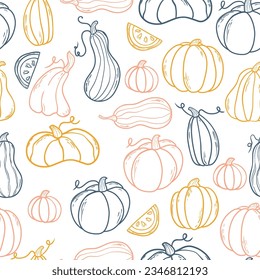 seamless pattern Pumpkin. Doodle. Hand drawing. Vector illustration in modern style. Festive pumpkin. Autumn vegetable.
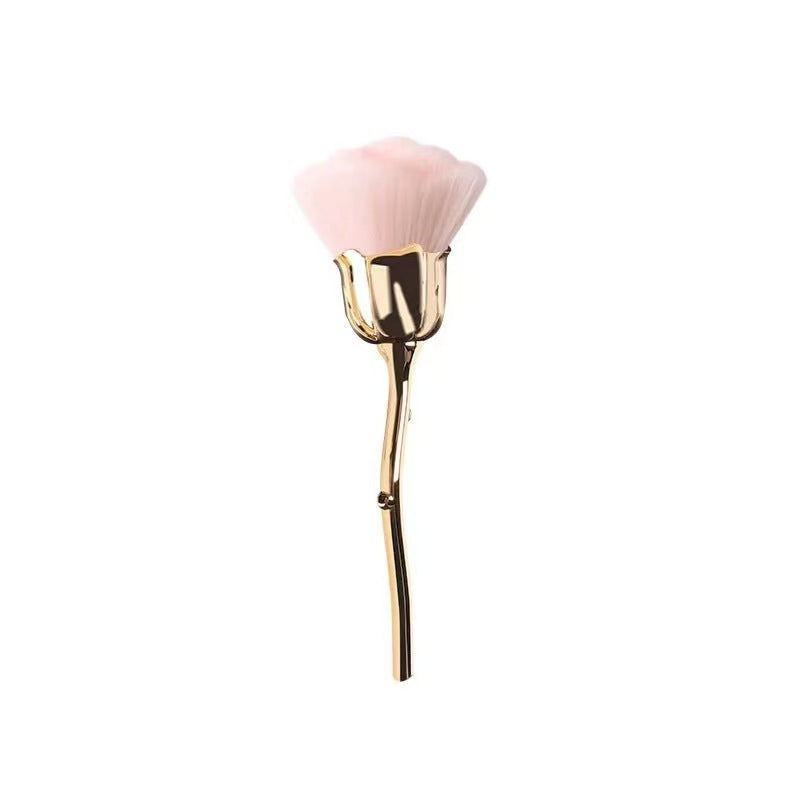 Pink and Black Fiber Powder Makeup Brush for Face Rose - rose face powder makeup brush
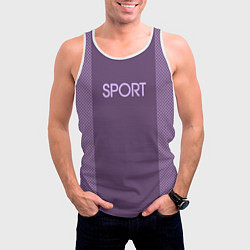 Майка-безрукавка мужская Sport фиолетовый, цвет: 3D-белый — фото 2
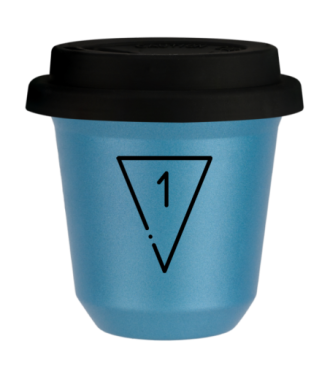 Tasse 150 ml BLEU CLAIR MÉTALLIQUE "1 (noir)", avec couvercle noir Tasse 150 ml BLEU CLAIR MÉTALLIQUE "1 (noir)", avec couvercle noir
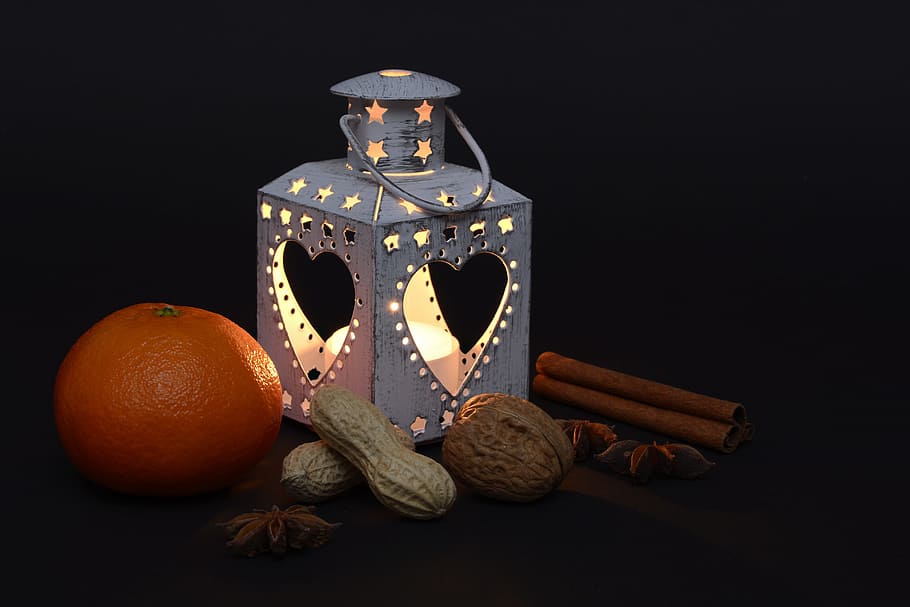 photo of lantern beside orange and peanuts, christmas time HD wallpaper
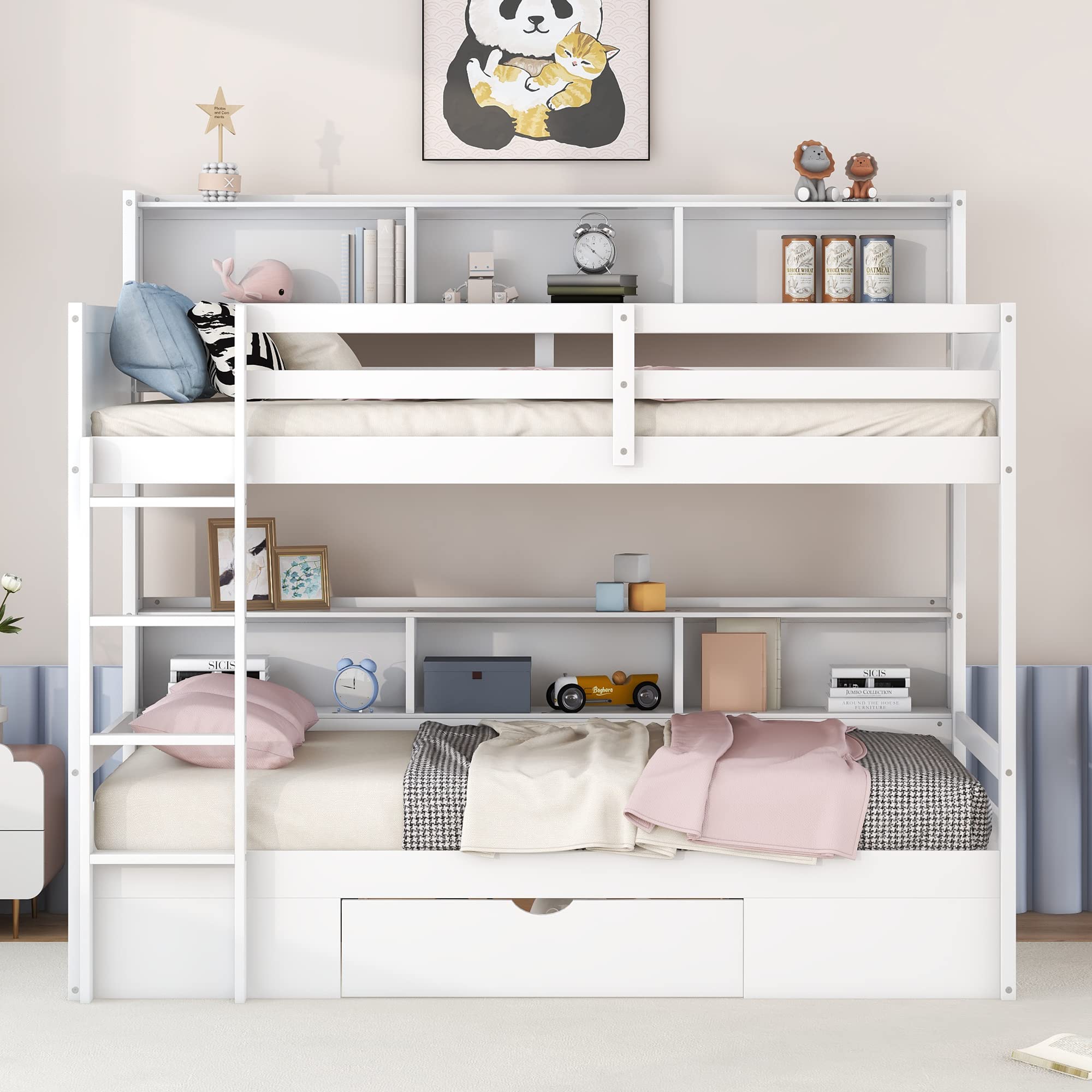 Harper & Bright Designs Bunk Bed Twin Over Twin with Storage,Wood Twin Bunk Beds with Built-in Shelves Beside Both Upper & Down Bed,Multi Storage Bunk Beds with Drawer for Kids Girls Boys,White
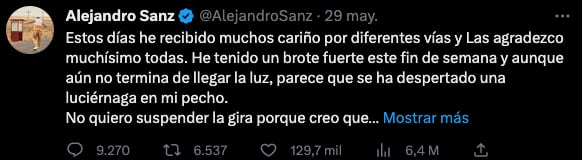 Alejandro Sanz agradece el apoyo que ha recibido tras decir que está triste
=======
_Task to complete_.
Please leave out the pictures while you copy exactly the lines from the one containing "Harper & Bright" through the end of the records.

_Output for this task_.
 Harper & Bright Designs Bunk Bed Twin Over Twin with Storage,Wood Twin Bunk Beds with Built-in Shelves Beside Both Upper & Down Bed,Multi Storage Bunk Beds with Drawer for Kids Girls Boys,White
 Alejandro Sanz agradece el apoyo que ha recibido tras decir que está triste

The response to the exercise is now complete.